Local Wisdom
All last spring and summer I cussed the palm tree by my front door. It's a Queen Palm, an old, tall one, and first it tormented me with its blossoms. Come flowering time, it sprouted three stalks, and when I walked outside to get the paper in the morning, the sidewalk would be covered with white-yellow petals that stuck to my feet. I would then track the petals back inside and create the sort of mess that my wife should not see before she's had her coffee. This went on for weeks.
Then came the fruit-orangey dates that dropped down on unwitting skulls like gooey grenades. There were hundreds and hundreds of them, which attracted thousands and thousands of flies.
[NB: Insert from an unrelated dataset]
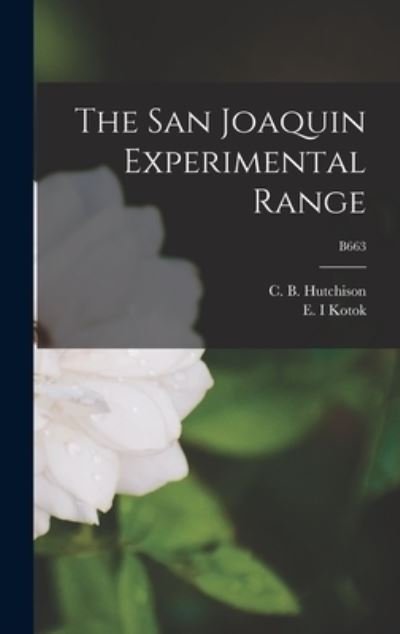 Cover for C B (Claude Burton) 188 Hutchison · The San Joaquin Experimental Range; B663 (Hardcover bog) (2021)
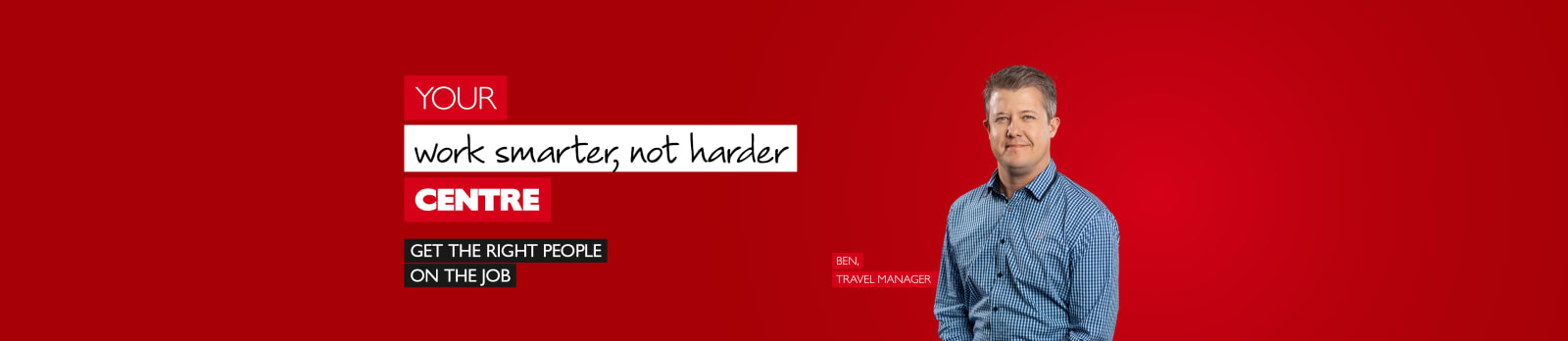 Your work smarter, not harder centre - get the right people on the job. Businessman in checked blue shirt on a red background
This went on for weeks, too.
Then came the hurricanes. When they were gone, the palm tree was left leaning at a 45-degree angle. Next stop-my roof.
"I can yank it out, no problem," said a tree guy who was driving through our neighborhood and spotted it. Then he asked for a thousand bucks. The palm tree stayed where it was.
And then there's the matter of the sago palm that sits by the sidewalk. It's a three-headed sago that looks like a botanical sculpture, as if it belonged in some sort of primordial jungle. Fitting, since sagos are, technically speaking, not palm trees. They are cycads, an ancient family of plants that haven't changed all that much from before the time of the dinosaurs.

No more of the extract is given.